The pamphlets and ephemera on the left wall are interesting. Communist literature from the '40s makes nice with social commentary in the '90s , shares open files with labor speeches, government documents, and the NAACP. The official description according to the store map lists American Labor & Radical History as a topic in this section, but such topics are shade trees under which exceptions prove the rule. It's an interesting mix. John explains it this way, "On the left we're known." The Birch Society does not hold its meetings here.
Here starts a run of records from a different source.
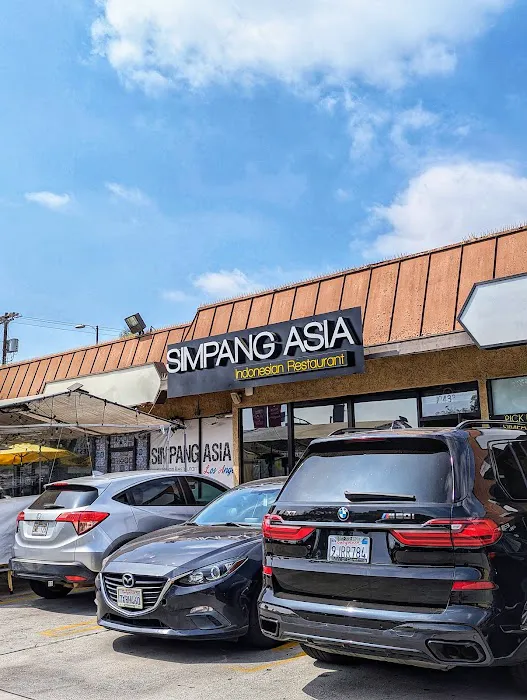 Simpang Asia 7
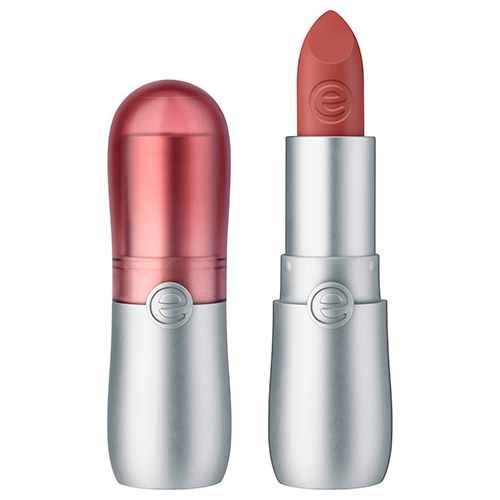 Помада для губ `ESSENCE` VELVET MATTE тон 01 матовая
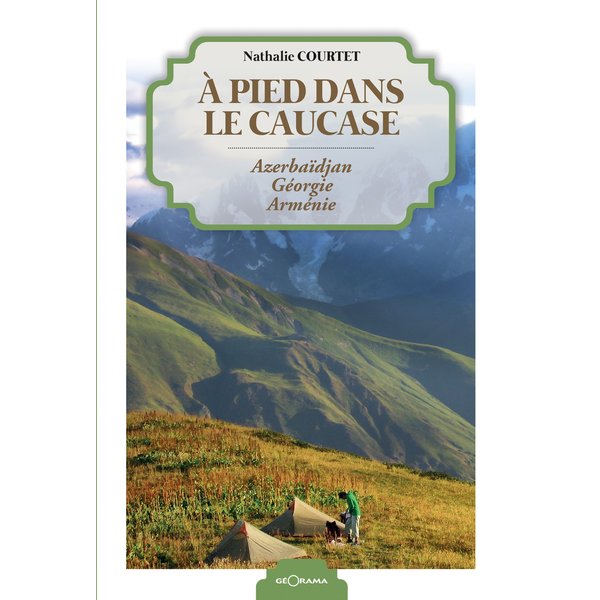 À pied dans le Caucase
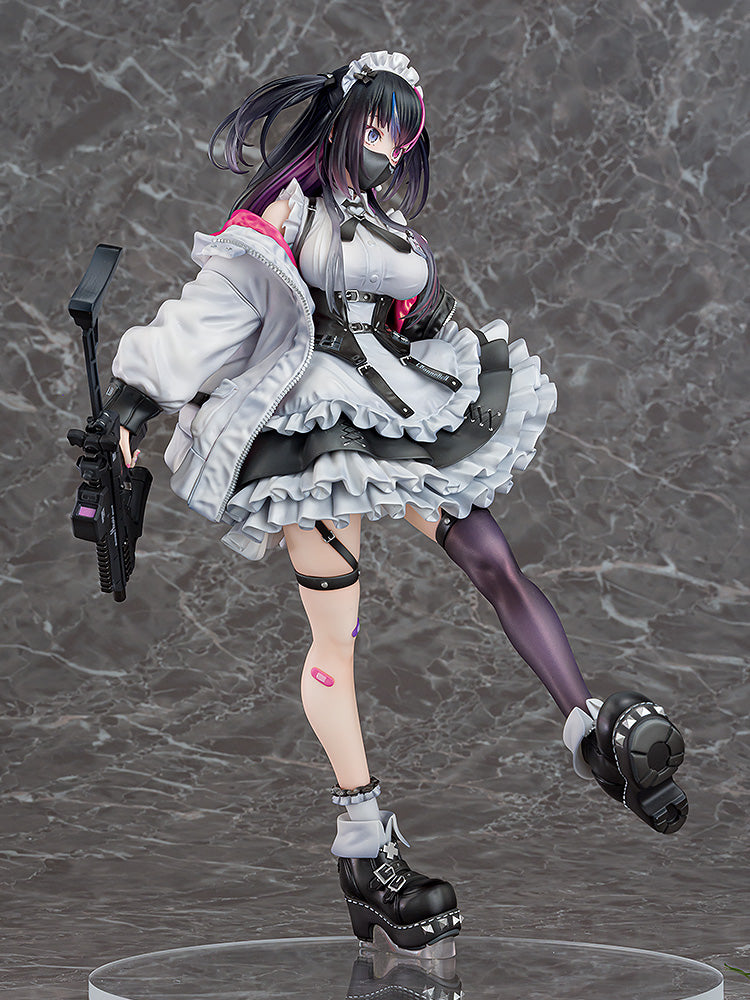 Jirai-chan: Light Equipment Ver 1/7 Scale Figure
In this shop a sawbuck will get one or two items and some interesting conversation. Here, you can feel like your parents' experience is the stuff of history, not the landfill. Here, generational and historical perspective hove into view. Just two floors below, the world feels two-dimensional. Here depth and implied purpose ride shotgun over random material that, sorted by subject, becomes contemporary narrative presented as collectible fields. The currency in this bookstore is information; the twin requisites for successful participation intelligence and curiosity. You come here to get a book. You get repartee on the house.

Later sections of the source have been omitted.